(Exercise directions): What is needed is a word-for-word copy of the lines below from the one with "Arne Slot Likened" through the one with "coronavirus", both included, with every picture left out.

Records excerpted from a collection

##############################

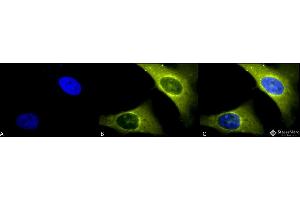 Immunofluorescence (fixed cells) (IF/ICC) image for anti-RAB4A, Member RAS Oncogene Family (RAB4A) (C-Term) antibody (Biotin) (ABIN2486639)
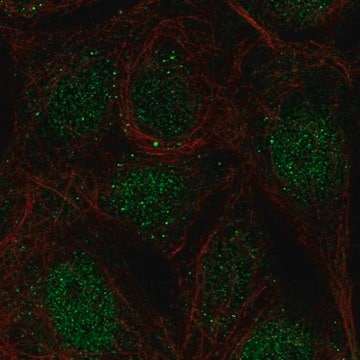 Anti-CCDC63 antibody produced in rabbit Prestige Antibodies&#174; Powered by Atlas Antibodies, affinity isolated antibody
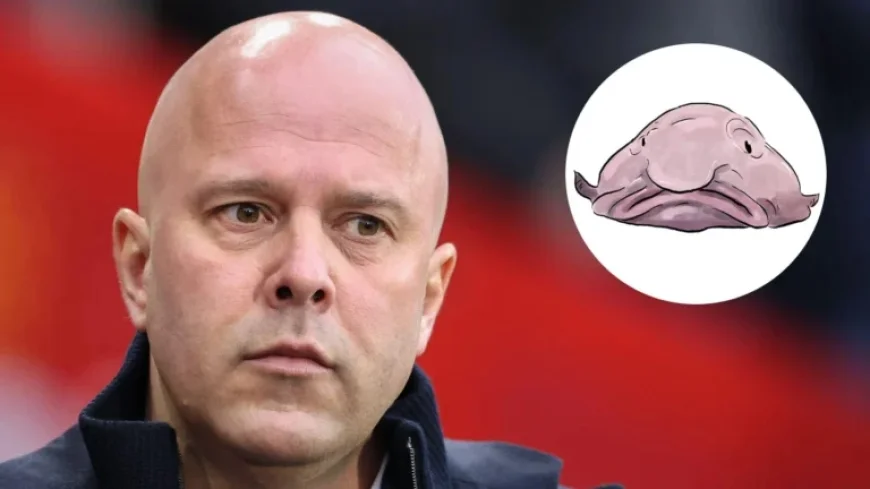 Arne Slot Likened to ‘Human Blobfish’ in Viral Comparison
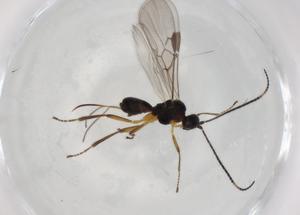  ( - BIOUG86368-B10)  @11 [ ] CreativeCommons - Attribution (2022) Centre for Biodiversity Genomics Centre for Biodiversity Genomics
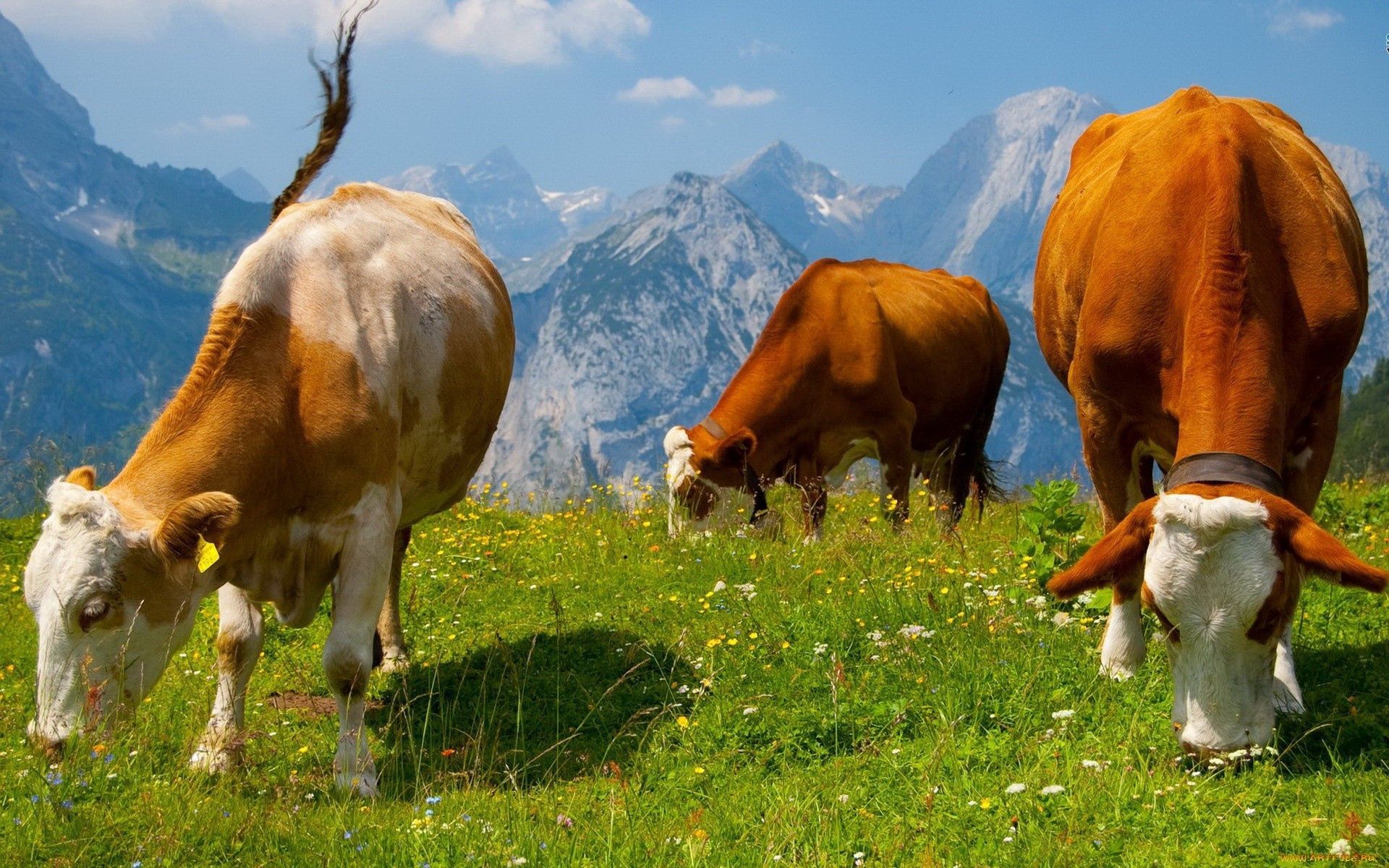 132583 descargar fondo de pantalla vacas, pacer, animales, comida, hierba, pastar: protectores de pantalla e imágenes gratis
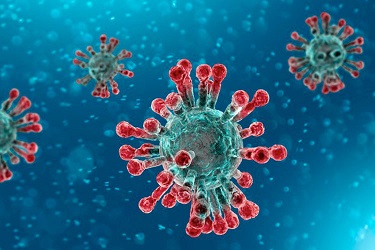 coronavirus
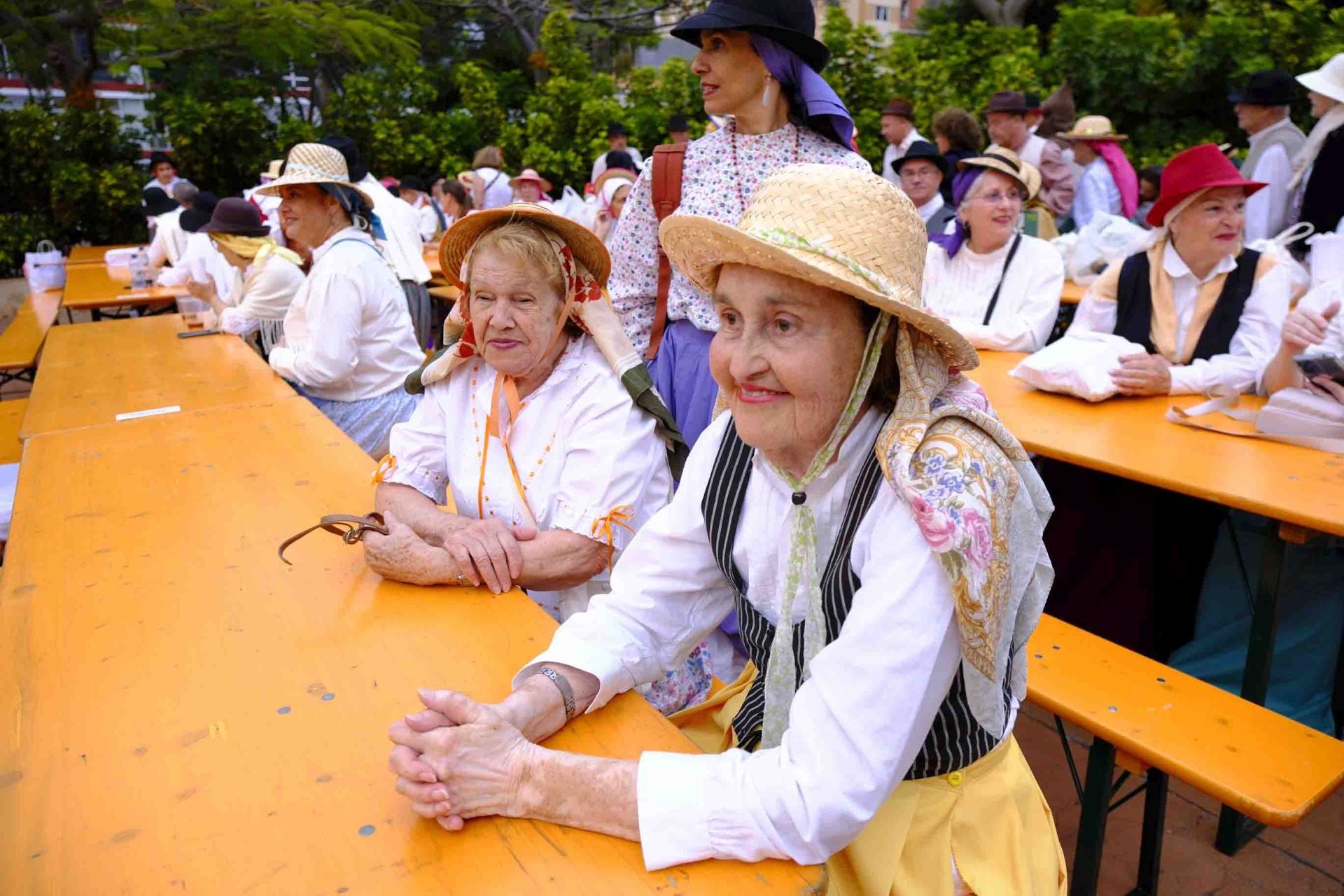 El segundo Baile de Taifas de Schamann, en imágenes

##############################

(Task result):
 Arne Slot Likened to ‘Human Blobfish’ in Viral Comparison
  ( - BIOUG86368-B10)  @11 [ ] CreativeCommons - Attribution (2022) Centre for Biodiversity Genomics Centre for Biodiversity Genomics
 132583 descargar fondo de pantalla vacas, pacer, animales, comida, hierba, pastar: protectores de pantalla e imágenes gratis
 coronavirus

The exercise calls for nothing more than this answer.